If I try to do the same thing but bypassing the inbound TCP connection on port 443 by going through the HAProxy tcp reverse proxy in AWS, I seem to be able to renew certificates for my existing subdomains, but I can’t expand the cert to include a new subdomain. For example, I just ran the following to try to add the pwm and www.pwm subdomains:

 ./letsencrypt-auto certonly --standalone \
> -d sequentialread.com \
> -d git.sequentialread.com \
> -d comments.sequentialread.com \
> -d pwm.sequentialread.com \
> -d www.sequentialread.com \
> -d www.git.sequentialread.com \
> -d www.comments.sequentialread.com \
> -d www.pwm.sequentialread.com
Failed authorization procedure. pwm.sequentialread.com (tls-sni-01): urn:acme:error:connection :: The server could not connect to the client to verify the domain :: Failed to connect to 50.112.13.159:443 for TLS-SNI-01 challenge, www.pwm.sequentialread.com (tls-sni-01): urn:acme:error:connection :: The server could not connect to the client to verify the domain
:: Failed to connect to 50.112.13.159:443 for TLS-SNI-01 challenge

IMPORTANT NOTES:
 - The following errors were reported by the server:

   Domain: pwm.sequentialread.com
   Type:   connection
   Detail: Failed to connect to 50.112.13.159:443 for TLS-SNI-01
   challenge

   Domain: www.pwm.sequentialread.com
   Type:   connection
   Detail: Failed to connect to 50.112.13.159:443 for TLS-SNI-01
   challenge

   To fix these errors, please make sure that your domain name was
   entered correctly and the DNS A record(s) for that domain
   contain(s) the right IP address. Additionally, please check that
   your computer has a publicly routable IP address and that no
   firewalls are preventing the server from communicating with the
   client. If you're using the webroot plugin, you should also verify
   that you are serving files from the webroot path you provided.

Where 50.112.13.159 is the IP address of the cloud instance.

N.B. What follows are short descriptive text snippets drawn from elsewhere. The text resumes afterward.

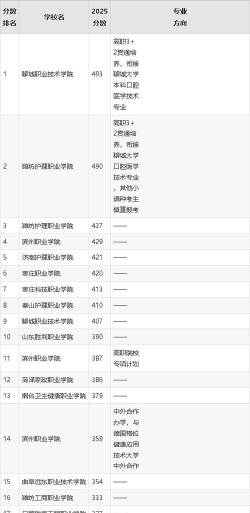 2025年山东读口腔医学专业的中职学校有哪些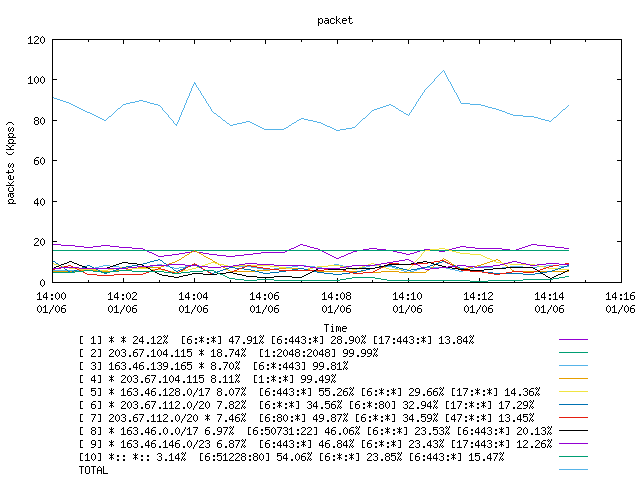 [agurim packets plot]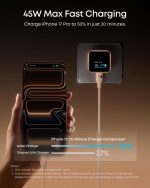Anker Nano 45W GaN Charger With Display A121D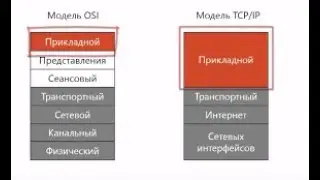 Прикладной уровень OSI и TCP/IP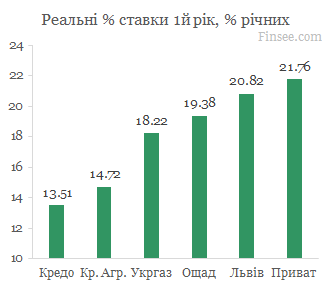 Кредит на жилье 2020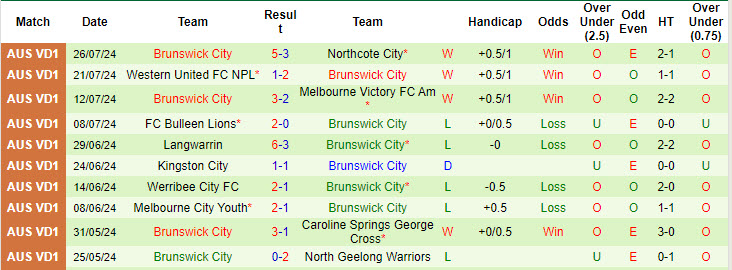 Nhận định, soi kèo Preston Lions vs Brunswick City, 17h30 ngày 9/8: Dồn toàn lực tấn công - Ảnh 3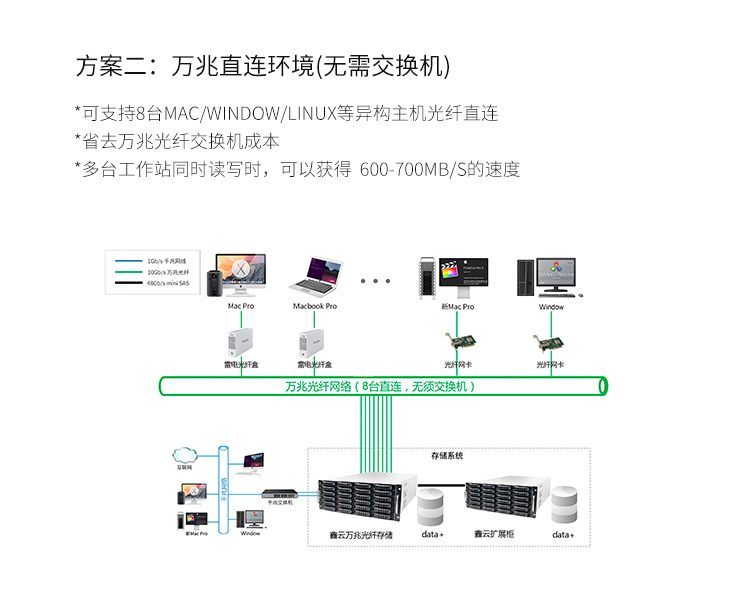 Huatai Ark Storage Multi device Shared Disk Distributed Storage 10 Gigabit Storage Secondary Storage Non editable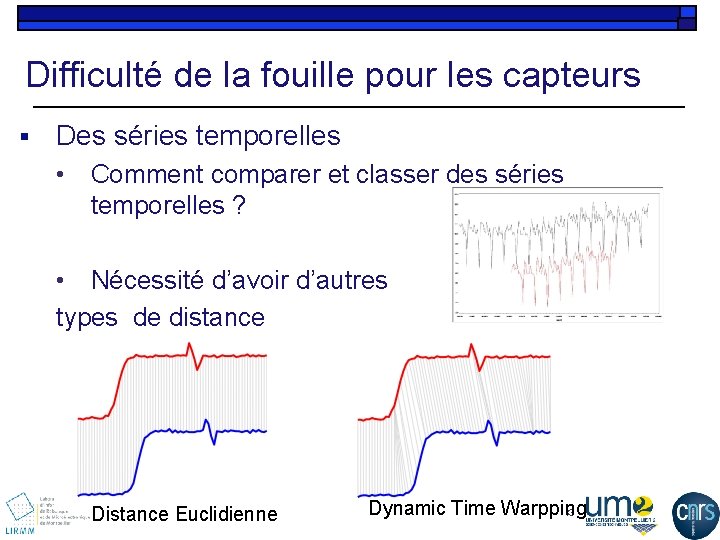 Difficulté de la fouille pour les capteurs § Des séries temporelles • Comment comparer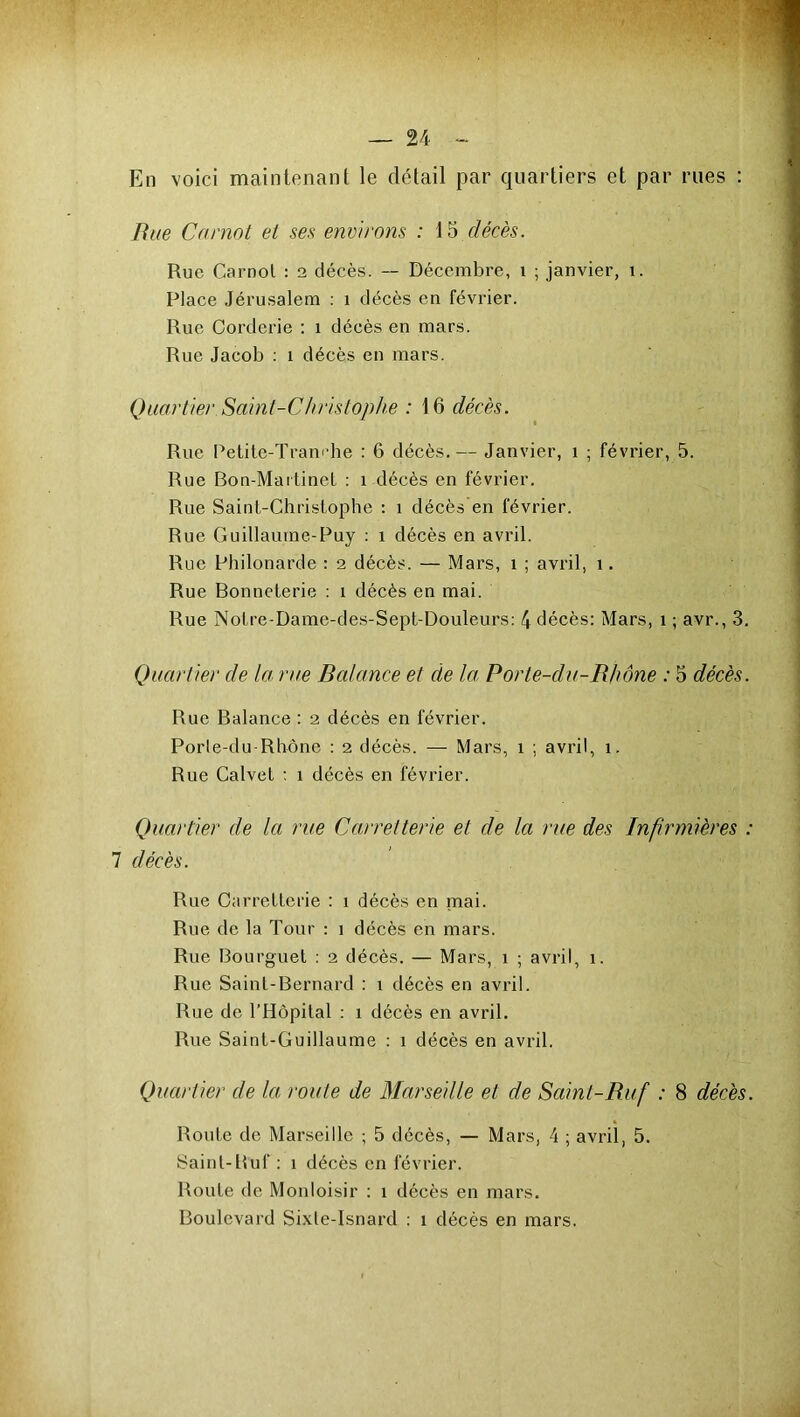 En voici maintenant le détail par quartiers et par rues : Bue Carnot et ses environs : 15 décès. Rue Carnot : 2 décès. — Décembre, 1 ; janvier, 1. Place Jérusalem : 1 décès en février. Rue Corderie : 1 décès en mars. Rue Jacob : 1 décès en mars. Quartier Saint-Christophe : 16 décès. Rue Petite-Tranche : 6 décès. — Janvier, 1 ; février, 5. Rue Bon-Martinet : 1 décès en février. Rue Saint-Christophe : 1 décès en février. Rue Guillaume-Puy : 1 décès en avril. Rue Philonarde : 2 décès. — Mars, 1 ; avril, 1. Rue Bonneterie : 1 décès en mai. Rue Notre-Dame-des-Sept-Douleurs: 4 décès: Mars, 1 ; avr., 3. Quartier de la rue Balance et de la Porte-du-R/iône : 5 décès. Rue Balance : 2 décès en février. Porle-du-Rhône : 2 décès. — Mars, 1 ; avril, 1. Rue Calvet : 1 décès en février. Quartier de la rue Carrelterie et de la rue des Infirmières : 7 décès. Rue Carretterie : 1 décès en mai. Rue de la Tour : 1 décès en mars. Rue Bourguet : 2 décès. — Mars, 1 ; avril, 1. Rue Saint-Bernard : 1 décès en avril. Rue de l’Hôpital : 1 décès en avril. Rue Saint-Guillaume : 1 décès en avril. Quartier de la roule de Marseille et de Sainl-Buf : 8 décès. Route de Marseille ; 5 décès, — Mars, 4 ; avril, 5. Saint-Ruf : 1 décès en février. Route de Monloisir : 1 décès en mars. Boulevard Sixte-Isnard : 1 décès en mars.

I’m wondering if maybe there are some hijinks related to the SNI part of TLS? I’m not sure but I believe that the HAProxy should be blindly proxying the tcp connection. This is my HAProxy config file if that helps:

#---------------------------------------------------------------------
# Global settings
#---------------------------------------------------------------------
global
    chroot      /var/lib/haproxy
    pidfile     /var/run/haproxy.pid
    maxconn     4000
    user        haproxy
    group       haproxy
    daemon

    # turn on stats unix socket
    stats socket /var/lib/haproxy/stats

#---------------------------------------------------------------------
# common defaults that all the 'listen' and 'backend' sections will
# use if not designated in their block
#---------------------------------------------------------------------
defaults
    mode                    tcp
    option                  dontlognull
    retries                 3
    timeout queue           1m
    timeout connect         10s
    timeout client          1m
    timeout server          1m
    timeout check           10s
    maxconn                 3000

frontend  main *:443
    default_backend recycle_computer

backend recycle_computer
    balance     roundrobin
    server      recycle_computer 10.213.179.6:443 check

I’m stumped because there is nothing on the AWS HAProxy instance that relates to subdomain, but renewing the existing subdomains works, but adding the new ones doesnt :sweat:

my domain name: https://sequentialread.com/
certbot-auto version 0.9.3
operating system version:

uname -a
Linux sequentialread 3.16.0-4-amd64 #1 SMP Debian 3.16.7-ckt11-1+deb8u6 (2015-11-09) x86_64 GNU/Linux
2

Authorizations are valid for multiple days – maybe renewing only works because the authorization is still valid?
You could confirm that by using a different account – if issuing a cert for the same set of domains fails with a new account, you were using old authorizations.

1 Like
3

This topic was automatically closed 30 days after the last reply. New replies are no longer allowed.